DATA EXTRACT:
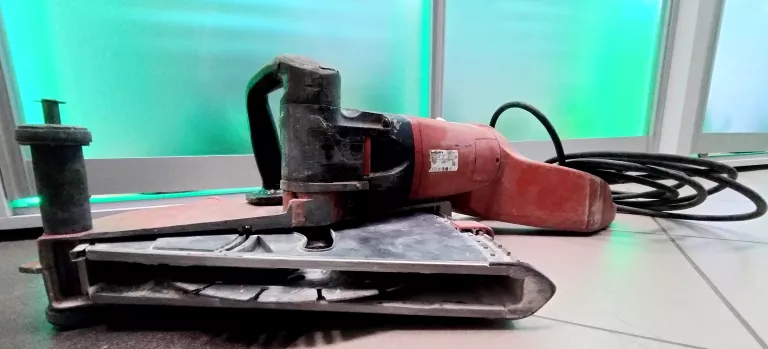 HILTI PRZECINARKA ELEKTRYCZNA DCH 300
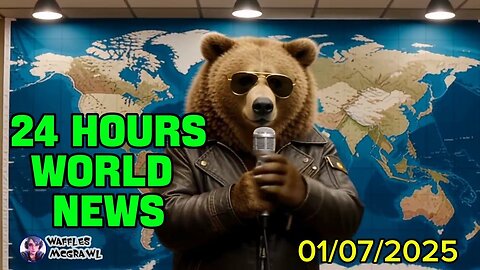 A Dangerous Precedent? Global Fallout From the Venezuela Raid + BRICS Exclusive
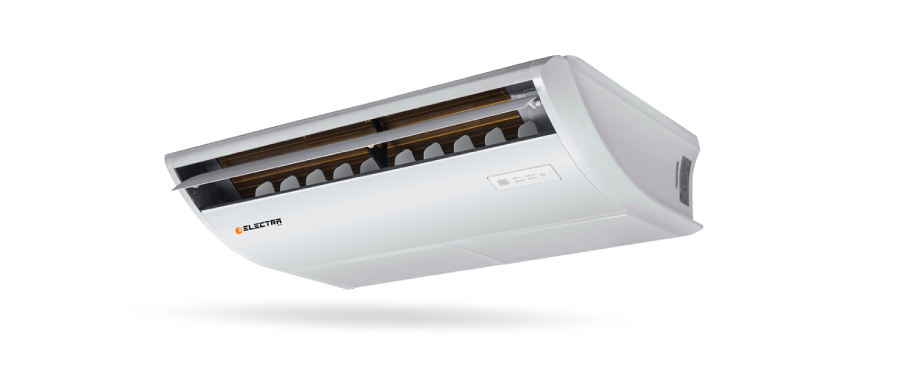 AIRE PISO TECHO ELECTRA 15000 FRIO CALOR EFO57R4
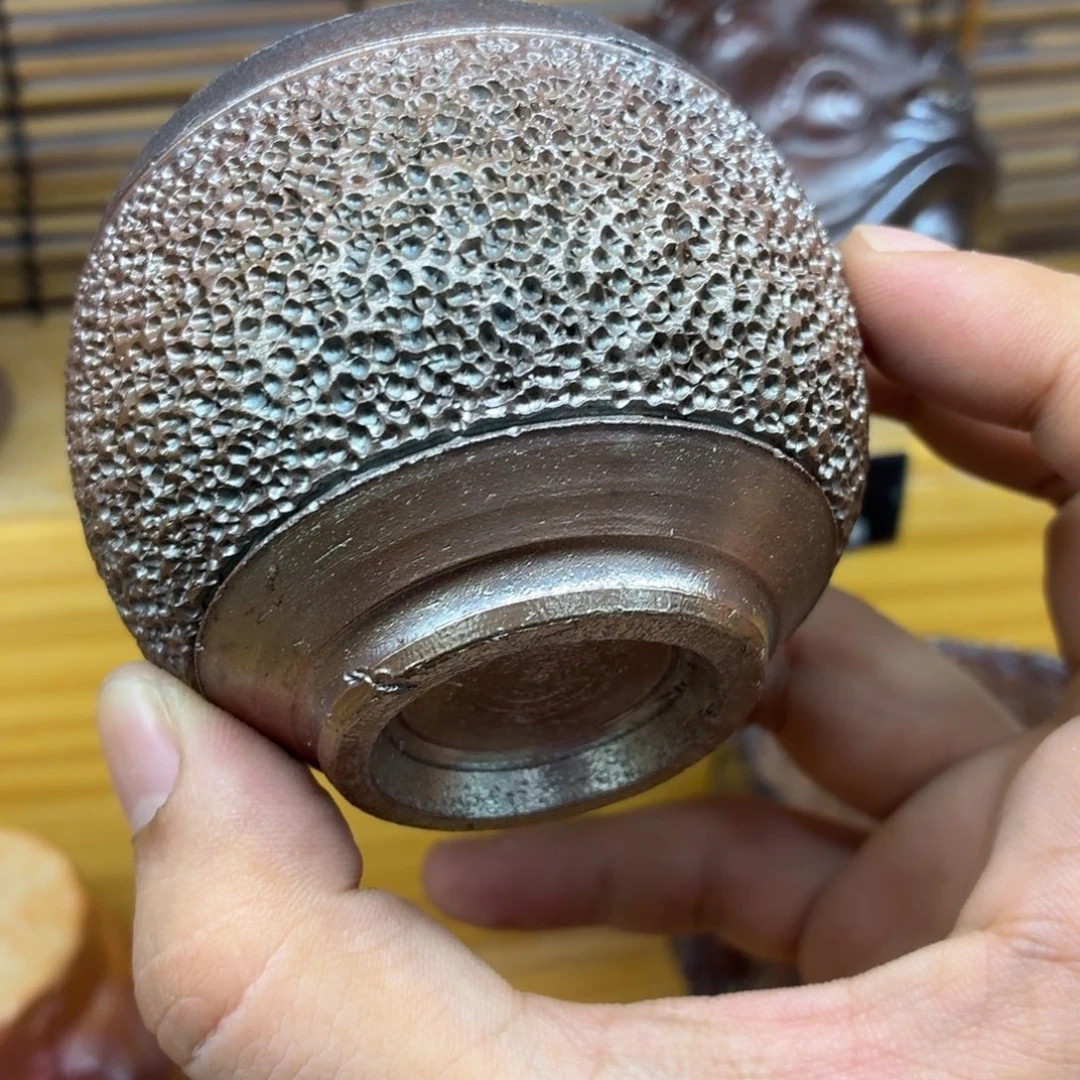 陶园柴烧，精品高货425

TASK PROMPT:
Write out the material above exactly; no pictures.

ANSWER SECTION:
 HILTI PRZECINARKA ELEKTRYCZNA DCH 300
 A Dangerous Precedent? Global Fallout From the Venezuela Raid + BRICS Exclusive
 AIRE PISO TECHO ELECTRA 15000 FRIO CALOR EFO57R4
 陶园柴烧，精品高货425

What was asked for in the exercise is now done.